We got to know each other in college 45 years ago and have been road trip buddies ever since. By the early 2000s, we had traveled across almost the entire Lower 48 by car, van, and truck, visiting parks, monuments, museums, and whatever else the road happened to throw our way. Our shared urge to trace Texas rivers started out as a hankering for space. As Texans living in urban areas, we longed for a stretch of road with no cars in sight. In 2003, we decided to track the route of the Lewis and Clark expedition from Camp Dubois in Hartford, Illinois, all the way to Fort Clatsop, Oregon. Like the early explorers, we followed the rivers.
A few years after that, standing on Bryan Beach at the mouth of the Brazos River near Freeport, it hit us: What if we traced every major river in Texas?
We read a couple dozen books about those rivers, then crisscrossed the countryside. We documented our hikes to the rivers, visited scores of parks, sampled hundreds of local eateries, photographed a great many courthouses, and stopped at just about every historical marker along the way. We blogged about our adventures for the Austin American-Statesman.
We were careful not to trespass on private property and stuck to riverbeds, which are fair game according to navigation rights published by the Texas Parks and Wildlife Department. We started out with paper maps, including some that were very detailed—and at the time, expensive—published by the U.S. Geological Survey.
Through the 50 river-tracing road trips that took us down from the mountains, through the deserts and hills, across the prairies and forests, and, in some cases, right down to the Gulf shore, we got to know Texas a little better. Even though it sometimes feels like we’ve barely scratched the surface of this state, seeking out new-to-us corners of natural beauty with tangible connections of past to present endeared us even more to the place we call home.
The James
Called “The Unknown River of Central Texas” by nonprofit advocacy group the Environmental Defense Fund, the James is the only major tributary of the Llano if you don’t count the North Llano and the South Llano. The latter join neatly in the aptly named town of Junction. The James, meanwhile, begins in Kimble County and continues northeast to meet the Llano near Mason.
The James-Llano system suffered major floods in June 1935, September 1980, and October 2018. Perhaps that’s why there are so few structures or mature trees along the river or James River Road, which follows the low canyon for much of its length.
In 2019, on our second visit, we started at the true headwaters of the James, located on private land.

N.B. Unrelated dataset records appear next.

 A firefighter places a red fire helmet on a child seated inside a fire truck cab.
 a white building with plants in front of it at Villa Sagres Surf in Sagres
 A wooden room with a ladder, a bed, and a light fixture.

There, Russell Rogas looked out over the low, smooth, tilted canyon. “After the big floods, just about everything you see had changed,” said Russell, a Brenham resident whose family owns the land surrounding the headwaters in Kimble County. “That boulder was over here. This pond was over there.”
His father-in-law, Larry Tegeler, purchased the terraced valley on Ranch Road 479 between Harper and Junction “for the view and the water,” which are ardently enjoyed by Russell, his wife, Amey Rogas, and their four outdoorsy sons. The Rogas family has survived epic floods, wildfires, and, three years ago, a tornado that somehow did not damage what remains of the Creed Taylor Ranch Home. A historical marker notes it was once dubbed “the finest home west of San Antonio.” It burned down in 1926 and again in 1956. A single-story house now sits on the 19th-century foundation.

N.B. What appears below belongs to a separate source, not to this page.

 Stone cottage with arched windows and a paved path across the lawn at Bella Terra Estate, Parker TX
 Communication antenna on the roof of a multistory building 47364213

“We just come and relax,” Russell said. “In this world where everything goes on, this is a nice respite for the boys.” His sons—Britt, 18, twins Ben and Grant, 16, and Jack, 11—are all over these highlands in ATVs, Russell said. That morning, Jack had killed a hog, and the boys estimate they shoot 15 feral hogs a month on the land during the summer. They invited us to sift through the remains of a Native American midden littered with chert that rises slightly above the clear, cold first waters of the James.
“There are springs all through here,” Amey said. “In the summer, you can hear it. It sounds like a bathtub with the faucet on full.”
Below this spot, the casual visitor comes in direct contact with the James and its shorter tributary, the Little Devils River, at only a few spots along RR 479 and RR 385. Travelers can also see the James by taking the granite-gravel James River Road, which shadows the lower James until it converges with the Llano River near RR 2389 in Mason County. Yet there are plenty of sights along the way, including an especially helpful historical marker that explains how a Spanish expedition in 1808 forged through these canyons on the way to Santa Fe, New Mexico.
We stopped in the dry bed as the river road crossed recharge zones. There, we marveled at the stratified rock canyon walls and the pools of water teeming with tiny sunfish and Guadalupe bass. The anglers’ paradise would not have gone unnoticed by practiced fishermen, such as revered authors Fred Gipson and John Graves, who wrote poignantly about the James.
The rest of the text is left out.